Fourth, a deeper inconsistency underlies nearly every page in this book, one which is not uncommon among others who have an ingrained distaste for the notion of absolute truth. Cupitt has written this volume presumably because he wishes us to share his point of view. It is not just that 203 pages of prose seems excessive if he only wants to entertain us. The tone is invariably insistent, passionate, urging, persuading. On the second page he tells us that ‘A new mutation of Christianity is urgently awaited.… We must try to produce it.’ (My italics.) But, we might ask: why, on his own assumptions, should he be in the least concerned to convince us of anything at all if, as he puts it, ‘there is no how it is’ (p. 172), no Truth-with-a-capital-T? Why not leave us as we are, with our language? His use of words like ‘better’, ‘more beautiful’, ‘liberating’ to describe his own version of religion; his claim that the ‘old realistically-defined problem of evil’ is ‘intellectual and moral self-deception’ followed by the extraordinary claim that ‘people know that now’ (p. 69); his vehement opposition to realism in any form—all this only heightens the contradiction. For how can any of these phrases make any sense except against the background of a conviction about how things actually are (or are not)? Even the claim that we can never know anything as it is in itself is a claim about reality as it is in itself, namely that it is unknowable. Cupitt is not unaware of this problem—it seems to cost him some anguish (pp. 89ff.)—but his anxiety should have led him to abandon his spurious claim to be ‘pluralist’ (pp. 114f.) and ‘metaphysically agnostic’ (p. 156) when it is so glaringly clear that he is nothing of the sort.

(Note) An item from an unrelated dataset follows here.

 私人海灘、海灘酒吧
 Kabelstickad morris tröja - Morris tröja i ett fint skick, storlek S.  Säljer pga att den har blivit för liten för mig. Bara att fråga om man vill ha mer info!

It would of course be perverse in the extreme to pretend that Cupitt’s proposals are consonant with mainstream Christianity. However, for those who can stomach it, much can be learned from working through a book like this. For Cupitt thrusts before us a vision of that extreme fragmentation which is the end result of trying to locate the unity of creation in human thought and agency. Cupitt represents the underlying assumptions of post-Enlightenment Western culture pushed to their extreme, and we would be foolish not to face up to the profound challenges which his nightmarish vision poses, not least to theologians.